The aluminum phosphides AlmPn (m + n = 2-5) and their anions: structures, electron affinities and vibrational frequencies

Geometries, electronic states and electron affinities of AlnPm and AlnPm− (n + m = 2-5) clusters have been examined using four hybrid and pure density functional theory (DFT) methods. Structural optimization and frequency analyses are performed with the basis of 6-311 + G (2df) one-particle basis set. The geometries are fully optimized with each DFT method independently. Three types of energy separations reported in this work are the adiabatic electron affinity (EAad), the vertical electron affinity (EAvert), and the vertical detachment energy (VDE). The calculation results show that the singlet structures have higher symmetry than that of doublet structures.
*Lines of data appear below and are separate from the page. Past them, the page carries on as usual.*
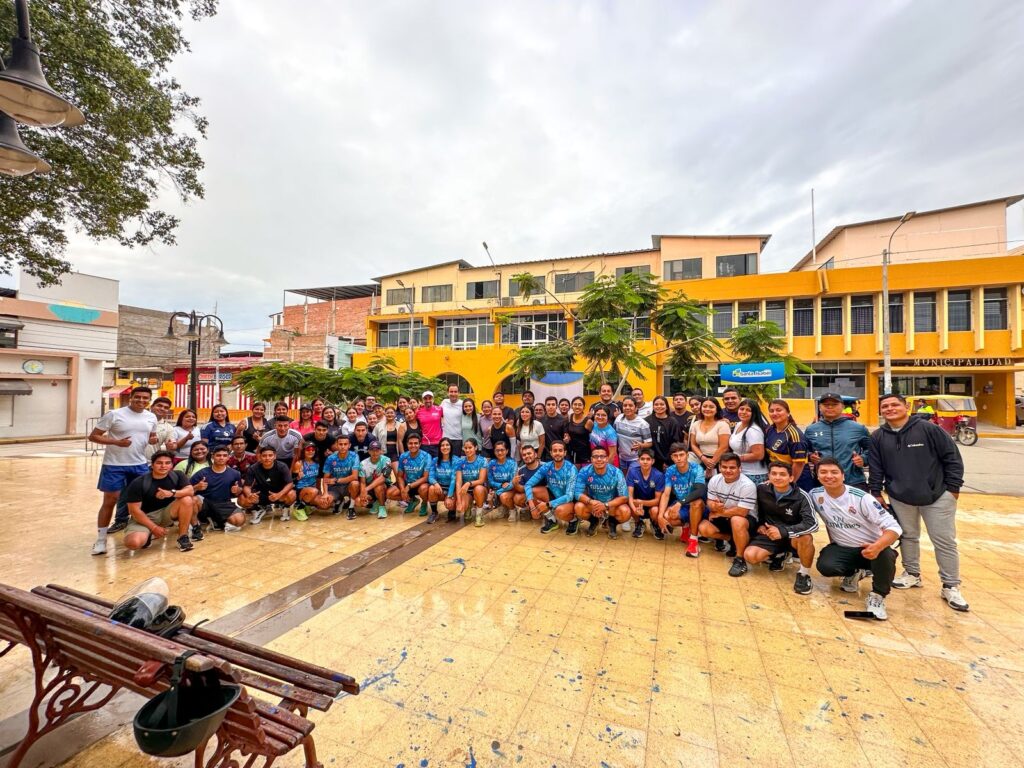 Piura pionero en running financiero: Santa Isabel Runclub impulsa entornos laborales más saludables para sus colaboradores. Foto: Difusión.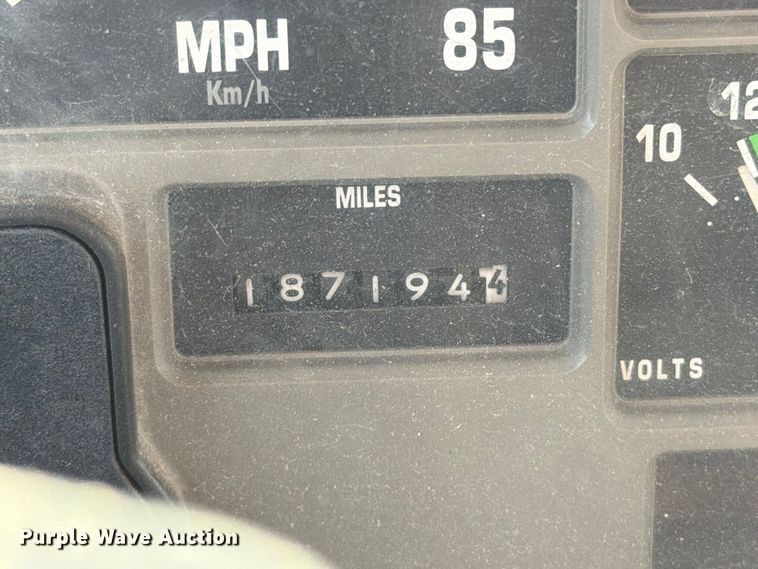 image for item FT6387 2000 International 4700 box truck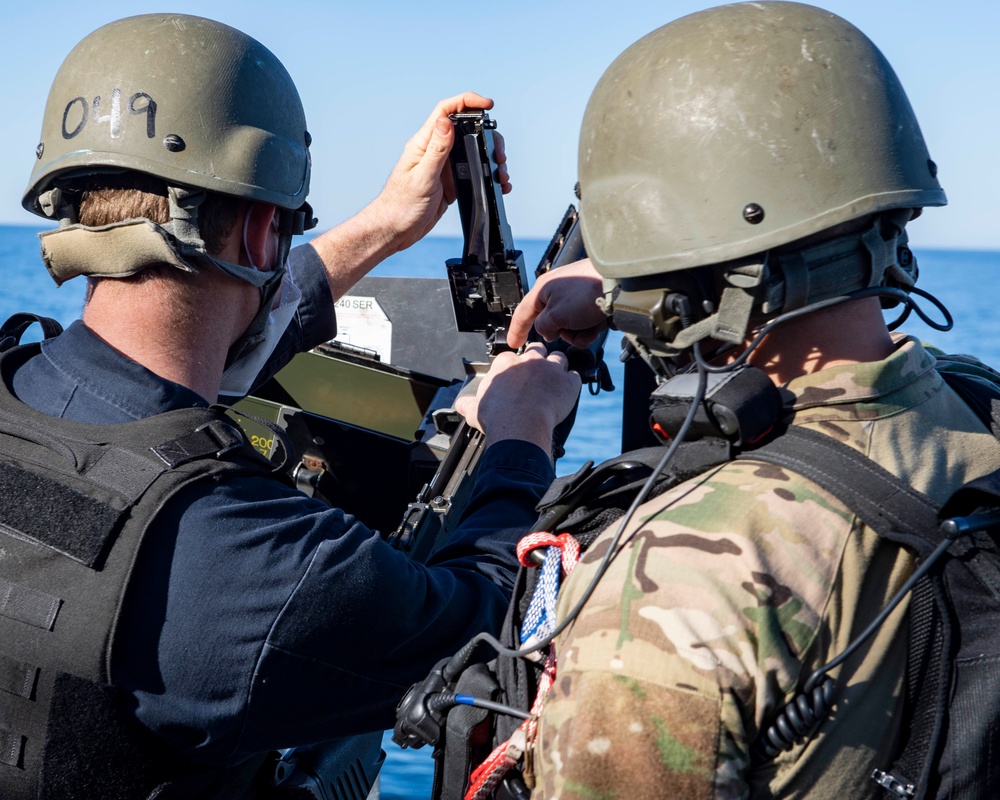USS Carter Hall Conducts Machine Gun Qualifications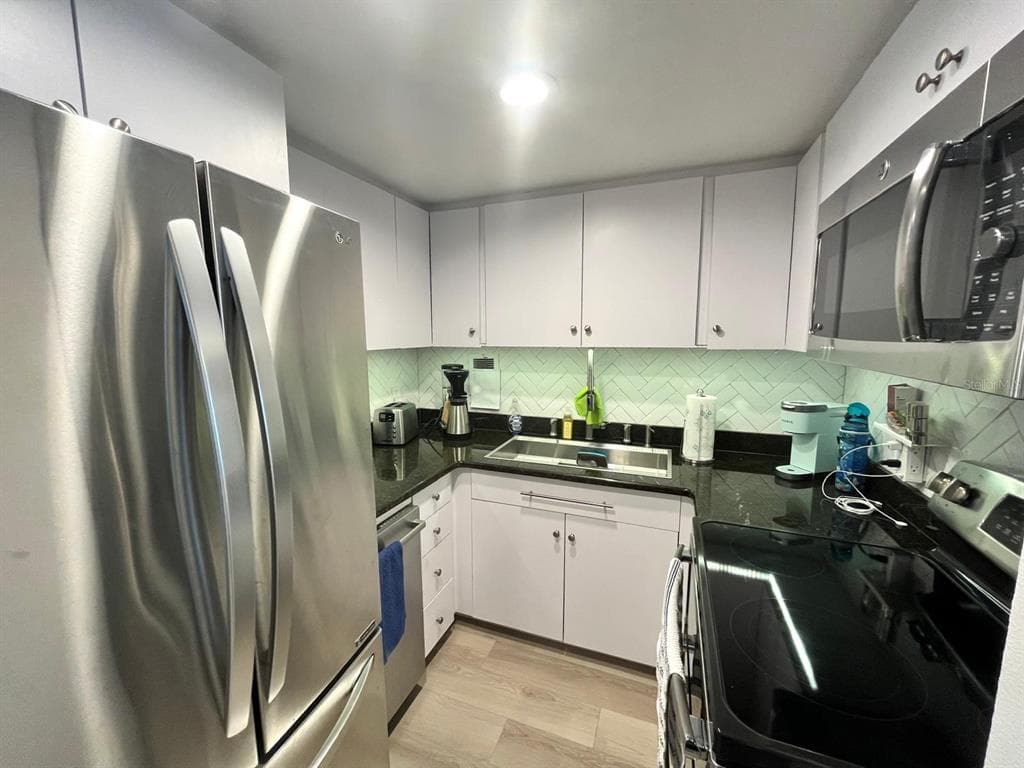 880 MANDALAY AVENUE S904 photo 18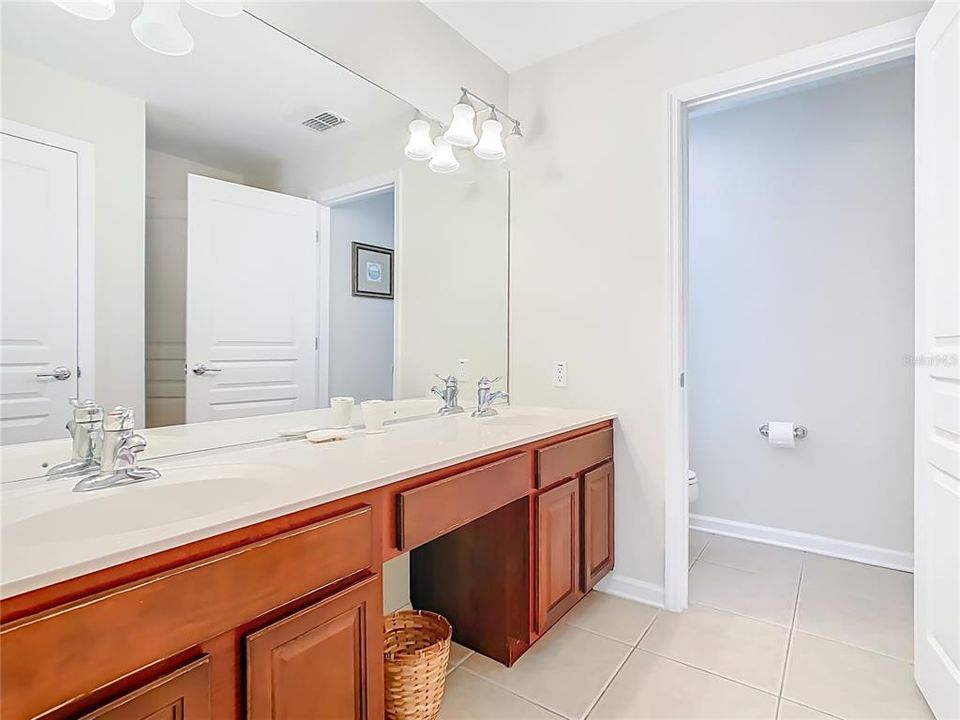 En Venta: $619,000 (6 camas, 4 baños, 2812 Pies cuadrados)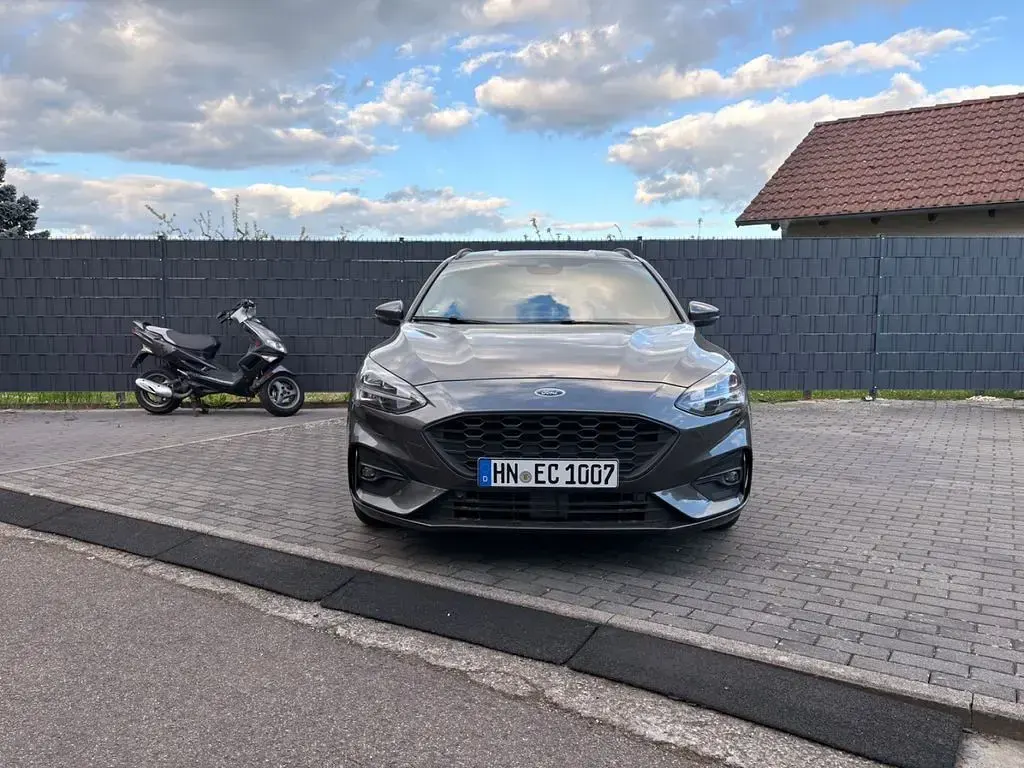 Gebraucht Ford Focus ST-Line 182 PS (133 kW) 2019 Grau Limousine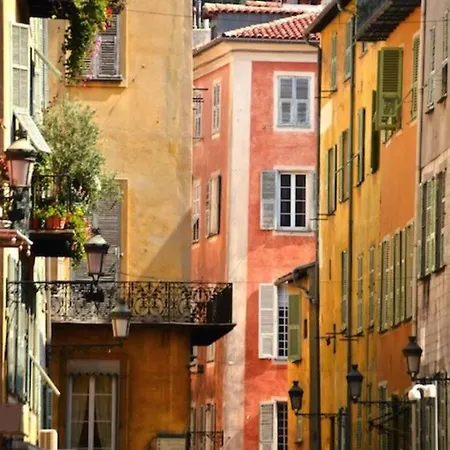 Διαμέρισμα A Louer Au Coeur Du Carre D Or A Nice, Rue Dalpozzo A 150 Metres Des Plages *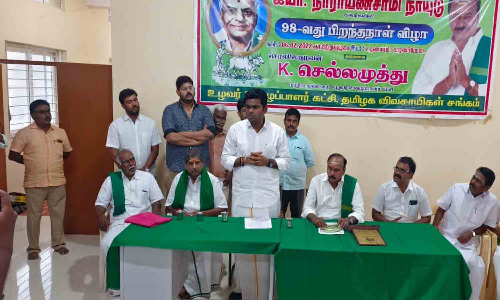 உர தட்டுப்பாட்டை நீக்க வேண்டும் -  அண்ணாமலையிடம் விவசாயிகள் மனு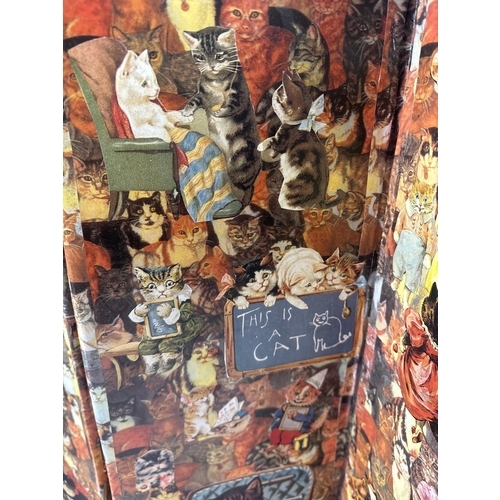 108 - A vintage folding table divider/screen with decoupage decoration both sides featuring cats. Screen m... 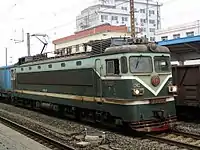 韶山1－245 at Qinhuangdao Railway Station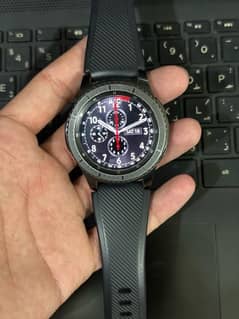 Samsung Gear S3 Frontier 46mm with Original charger 9/10 Condition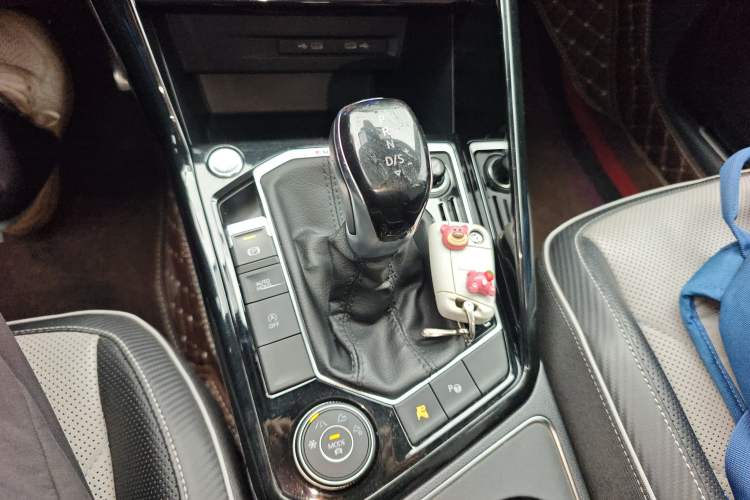 Used Volkswagen Tayron X 2020 380TSI Four-Wheel Drive Prestige Connected Version Gear Lever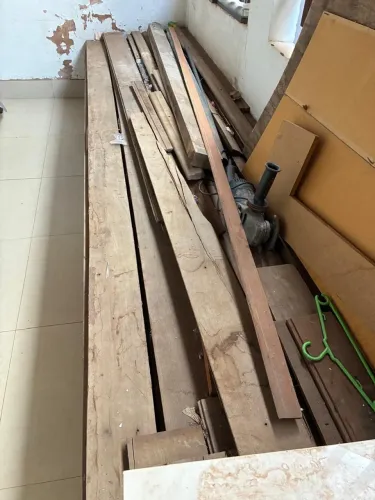 Tábua Corrida Ipê Champanhe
The best method for predicting molecular structures was found to be BLYP, while other methods generally underestimated bond lengths. The most reliable adiabatic electron affinities and vertical detachment energy, obtained at the 6-311 + G (2df)/BP86 level of theory, are 2.44 and 2.48 eV (Al2P), 2.03 and 2.24 eV (AlP2), 1.97 and 2.44 eV (AlP3), 2.01 and 2.10 eV (Al3P), 1.94 and 2.52 eV (Al2P2), 2.63 and 3.34 eV (AlP4), 2.10 and 2.48 eV (Al4P), 2.49 and 2.69 eV (Al2P3), 2.76 and 3.06 eV (Al3P2), respectively. Those for Al2P, AlP2, AlP3, Al3P, Al4P, and Al2P3 are in good agreement with experiment, but the predicted VDE values for Al2P2, Al3P2, and AlP4 are larger than the available experimental values. For the vibrational frequencies of the AlmPn series, the B3LYP method produces good predictions with the average error only about 10 cm−1 from available experimental and theoretical values. The other three methods overestimate or underestimate the vibrational frequencies, with the worst predictions given by the BLYP method.